(Brief descriptive captions)

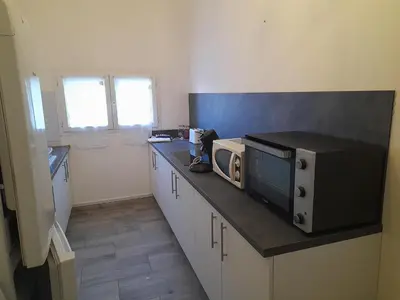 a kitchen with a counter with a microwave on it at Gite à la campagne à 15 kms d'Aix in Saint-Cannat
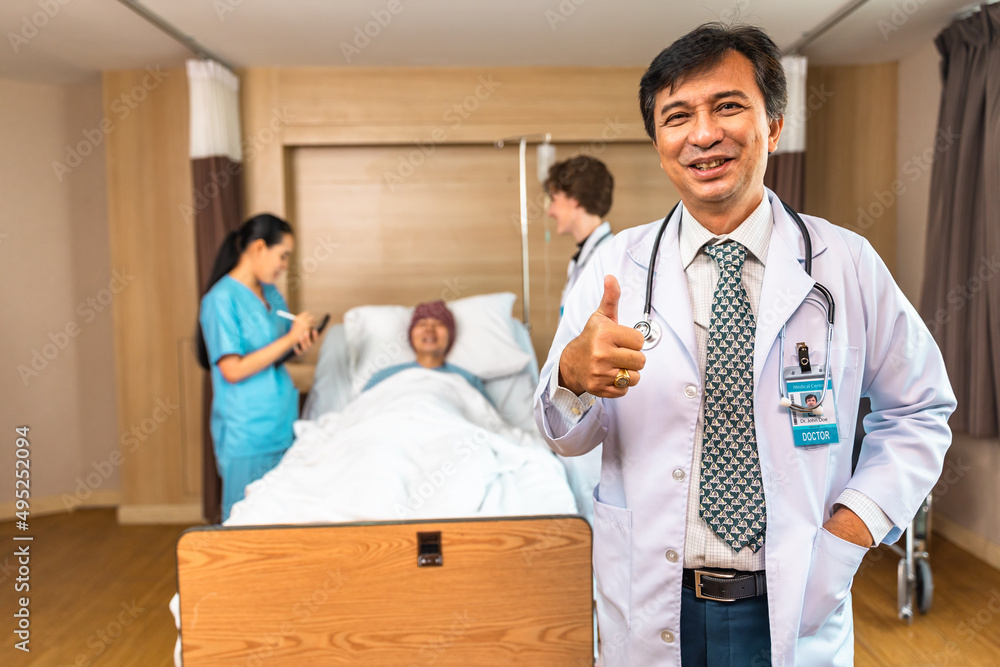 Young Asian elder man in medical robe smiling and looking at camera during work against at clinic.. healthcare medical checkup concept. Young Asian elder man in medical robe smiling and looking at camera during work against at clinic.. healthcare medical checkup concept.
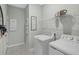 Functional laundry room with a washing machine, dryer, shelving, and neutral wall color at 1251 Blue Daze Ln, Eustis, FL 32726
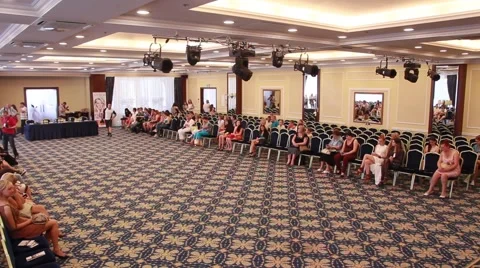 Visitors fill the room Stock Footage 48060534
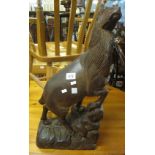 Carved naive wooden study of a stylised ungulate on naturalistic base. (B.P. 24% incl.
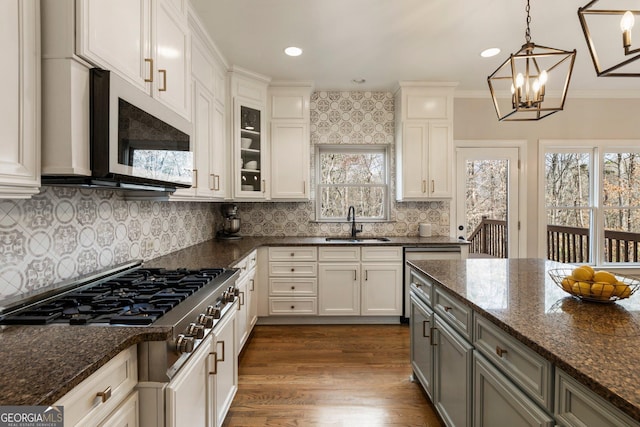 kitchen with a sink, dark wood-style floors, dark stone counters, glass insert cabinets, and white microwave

→ TASK BRIEF: Provide an exact copy of only the lines from the beginning of the entries through the line containing "Functional laundry room", both ends included, with no pictures.

→ YOUR RESPONSE:
 a kitchen with a counter with a microwave on it at Gite à la campagne à 15 kms d'Aix in Saint-Cannat
 Young Asian elder man in medical robe smiling and looking at camera during work against at clinic.. healthcare medical checkup concept. Young Asian elder man in medical robe smiling and looking at camera during work against at clinic.. healthcare medical checkup concept.
 Functional laundry room with a washing machine, dryer, shelving, and neutral wall color at 1251 Blue Daze Ln, Eustis, FL 32726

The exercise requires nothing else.